La ciudad luce transformada por las las intervenciones artísticas de Naturaleza Urbana. En este caso, el laberinto natural de Alegría Mateljan genera una nueva experiencia en las calles de Quito.

La realidad es monocromática, los tonos de blanco y negro se confunden en el gris, aunque tengamos el color de una sonrisa, del abrazo de un amigo o algún acto inesperado que nos hace ver una mayor gama de colores. Cuando hablamos de una ciudad, el color grisáceo del día a día no se elimina tan fácilmente, hace falta la fusión del arte con la naturaleza cotidiana de la ciudad para lograrlo.

Para romper con esta monotonía, Fuze Tea le preguntó a expertos en colores, sabores, olores, texturas y sonidos, que viven en un mundo tecnicolor, cómo hacer para llevar esto a las personas durante un día bajo el eslogan de #NaturalezaUrbana en la ciudad de Quito, Ecuador.

Según lo explica la curadora de arte del proyecto, Ana María Garzón, ¨ el foco de Naturaleza Urbana está en nuestros momentos más cotidianos, donde el artista deberá encontrar el equilibrio entre naturaleza (representado por los ingredientes e intrínsecos de la marca) y urbanidad (representada por los artistas y sus técnicas), pero esta vez en un contexto de colección, que será presentada a nuestra comunidad con un lenguaje social¨.

De esta manera, se interviene el espacio urbano con un toque natural y de fusión, que nos lleva a descubrir y explorar nuestra realidad de otra forma. ¨Ahora queremos intervenir eso que llevas siempre contigo, cuando vas por la calle y descubres arte, moda, música y sabores, vamos intervenir tu Fuze Tea¨, comenta la curadora.

Más tarde, estos espacios resignificados pasarán a formar parte de las etiquetas de Fuze Tea convirtiéndose en otro espacio para contar nuevas historias llenas de color y fusión.

Alegría Mateljan, Ariel Moscardi, María José Machado y Toño Cepeda escogieron un lugar, una hora y un mismo día para realizar cada uno una intervención humana en la ciudad, para crear fusiones que dieran vida al tramo de la ciudad que quisieran.

Laberinto natural.

En medio de la ciudad, en Quito amanecen estructuras de madera y hierro unidas por flores y hierbas, como la limonaria y manzanilla, que detienen a los transeúntes y los invita a oler y comer en medio de un laberinto.
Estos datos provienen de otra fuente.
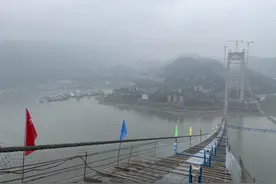 郭家沱长江大桥猫道全线贯通 2022年通车后两江新区开车到茶园只需10分钟图片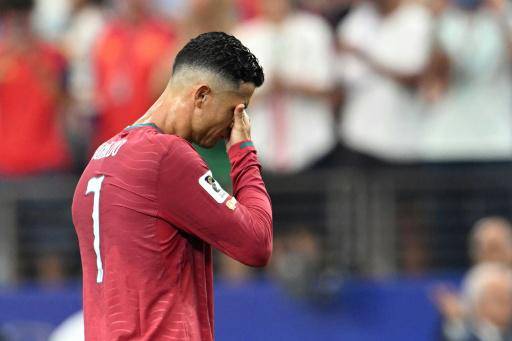 España elimina a Ronaldo de su último Mundial y navega hacia cuartos de final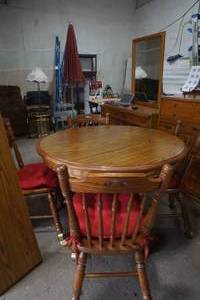 lot 189 image: 4 Chairs and Dining Table with 2 Leafs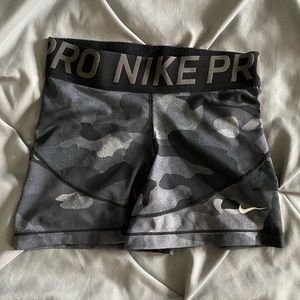 NIKE PRO SHORTS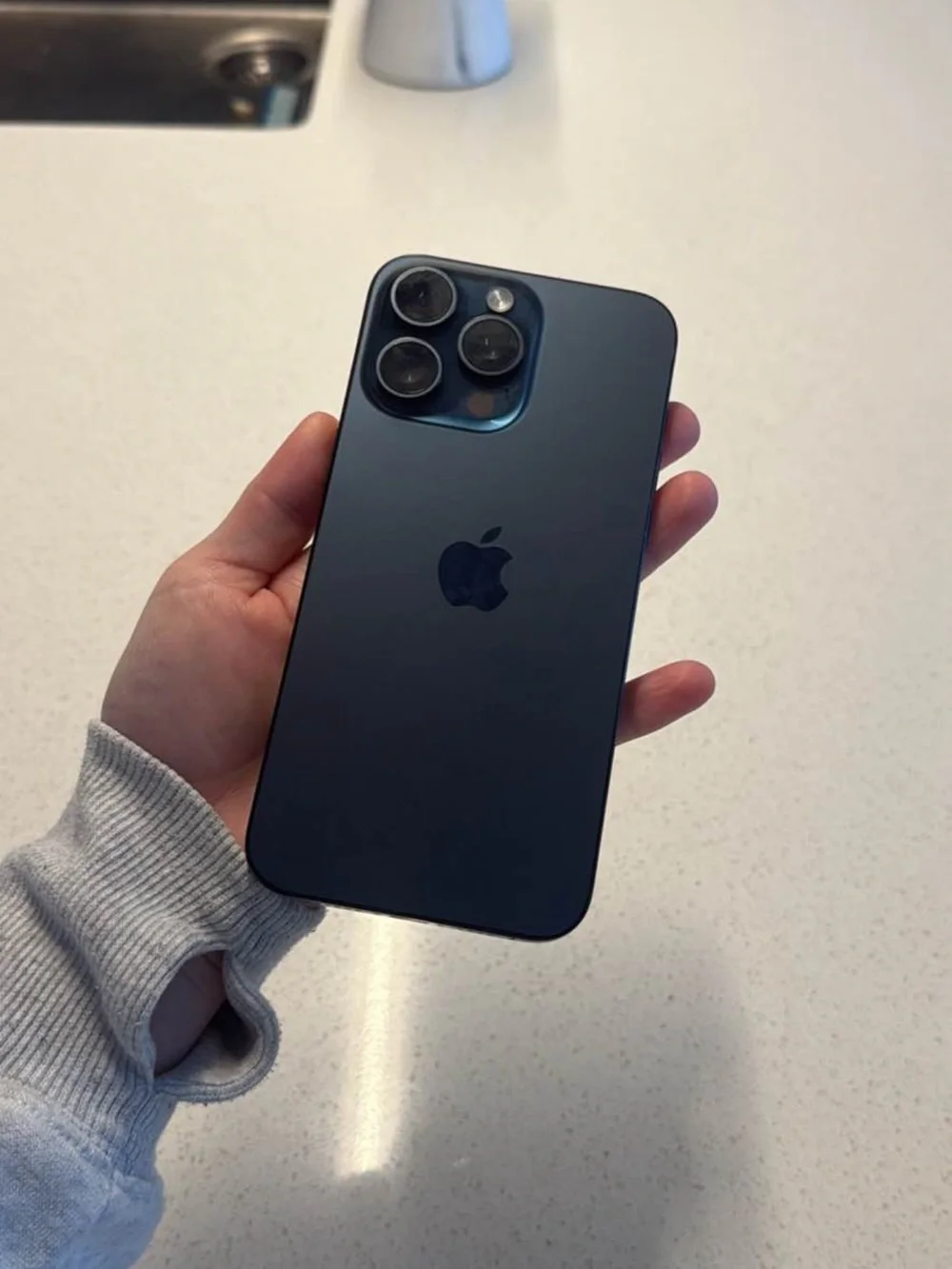iPhone 15 Pro Max (256GB)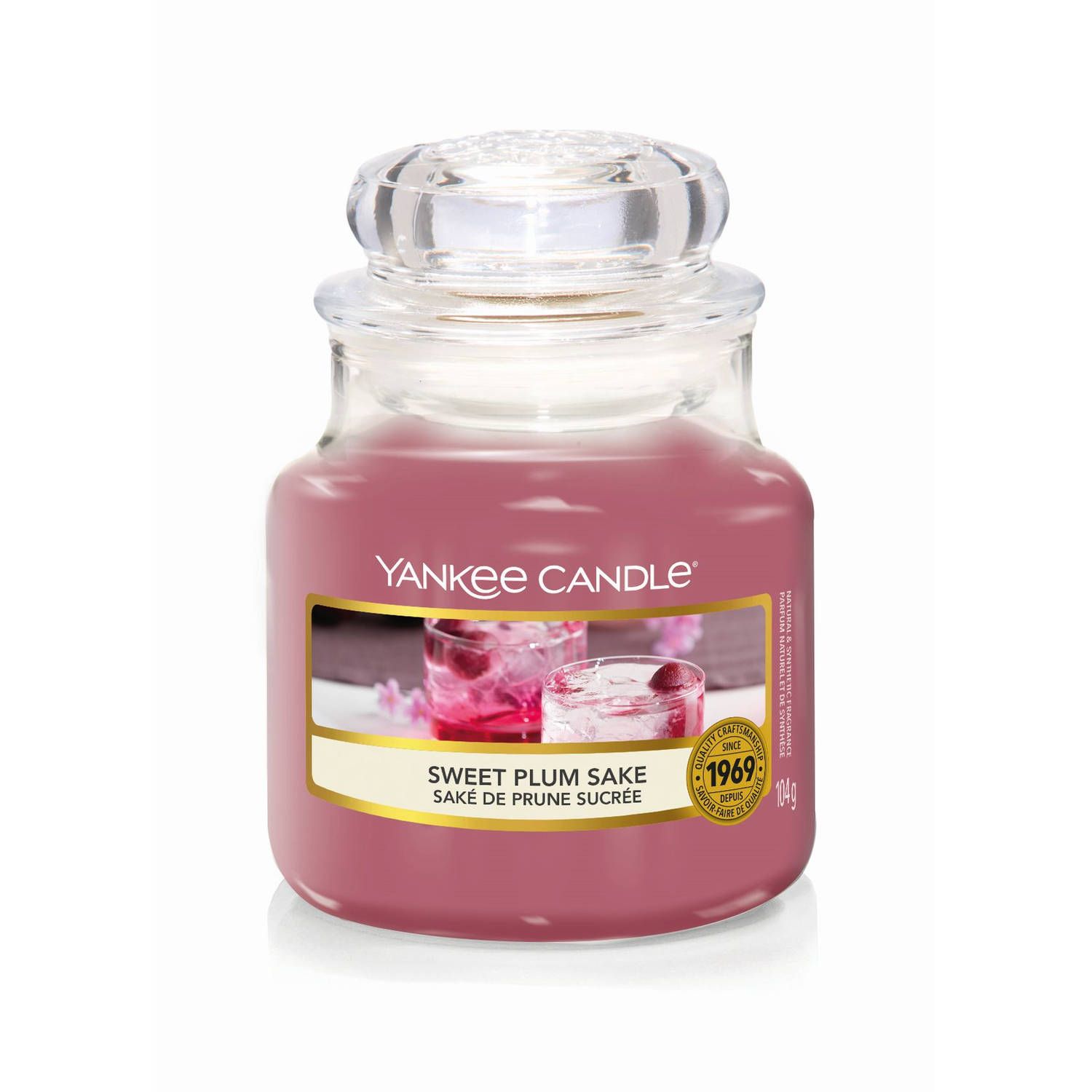 Yankee Candle Sweet Plum Sake Geurkaars Small - 9 cm / ø 6 cm - Roze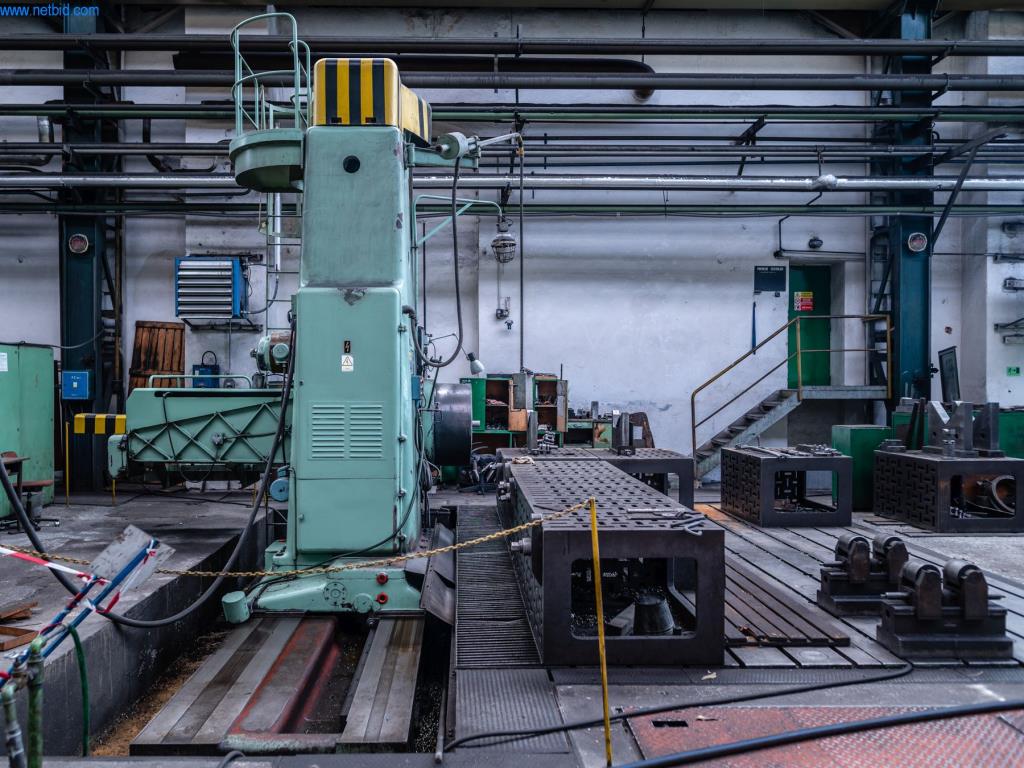 Naprave in stroji za proizvodnjo jekla, kovanje, toplotno obdelavo, obdelavo velikih delov in periferne naprave-3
Alegría Mateljan se dedica a las artes visuales y esta instalación tejida busca crear caminos y conexiones distintas, perderse para crear algo nuevo. Dentro del laberinto manzanas y mangos esperan a quienes se animen a cambiar su día.


Pasarela urbana.

El camino de siempre, cambia. María José Machado, cuencana que se dedica al arte y al diseño, se cansó de ver su camino de la misma manera: 10 vestimentas hacen pasarela de la línea “Camomila” para refrescar la subida de unas gradas.

La limonaria, la manzanilla en conjunto con el mango y la manzana le brindan contraste y una nueva visión a un lugar por donde miles de ecuatorianos pasan cada día.

Un dulce atardecer.

La tarde en Cumbayá tiene un sabor distinto. Las luces de la calle, los parques y el sonido de lo árboles se mezcla con el tráfico, o en este caso con comida. La instalación trata sobre llevar la naturaleza y volver a las raíces, disfrutar de una manzana con un sabor distinto, pero tomándola directamente del árbol.

Ariel Moscardi preparó un menú para que quienes pasaran pudieran romper, tocar, sentir y degustar lo mejor de la naturaleza en medio de la ciudad, en una fusión entre lo mejor de la cocina y la naturaleza urbana. 

Sentir la música.

Guayaquil al caer la noche,  fue el lugar destinado para que el sonido se apropiara de las personas en una experiencia más allá del simple hecho de escuchar. La instalación interactiva creaba música entre las plataformas y las proyecciones de luz.

El ambiente se define por la unión de todos. Al frotar las frutas o cortarlas se crean sonidos o proyecciones que cada uno pudo ver y escuchar. 

 

Naturaleza urbana  trata de pequeñas ideas que pueden cambiar la cotidianidad, hacerlas sentir vivas y romper lo predecible. Eso fue lo que hicieron estos cuatro artistas con Fuze tea. ¿Y tú cómo cambias tu ciudad?